Mutated fish alarms delegates at northern Alberta water gathering
Days before a conference on water quality began in Fort Chipewyan, Alta., last week, residents say a strange fish with two mouths was found at the nearby lake.
The deformed fish, which residents say children had caught off the dock at Lake Athabasca, has since been turned over to park wardens at Wood Buffalo National Park. Some residents, including officials from the Mikisew Cree First Nation, took photographs of the fish over the weekend.
It was found just days before the Keepers of the Water conference began Friday in Fort Chipewyan.
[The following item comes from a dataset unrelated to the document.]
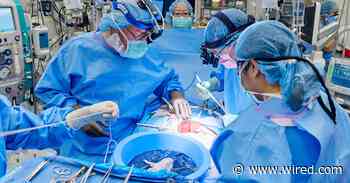 Woman Who Received Pig Kidney Transplant Has It Removed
The conference wrapped up on Sunday.
The event brought together western and northern Canadian aboriginal leaders and environmental activists, all of whom expressed concern with the quality of water in the Athabasca River, downstream from oilsands development in Fort McMurray.
"It's already mutating the animals, the pollution that they're causing. We need to do something quickly," Shaylene Wiley, a 16-year-old Mikisew Cree delegate, told CBC News during the weekend gathering.
"It's scary when you think about it," delegate Lionel Lepine added.
"For me, personally, it does piss me off, you know, knowing that it's not under my control right now. It's the Government of Canada that has the control over it; they have monopoly over our land. But industry … somehow they got the licence to pollute."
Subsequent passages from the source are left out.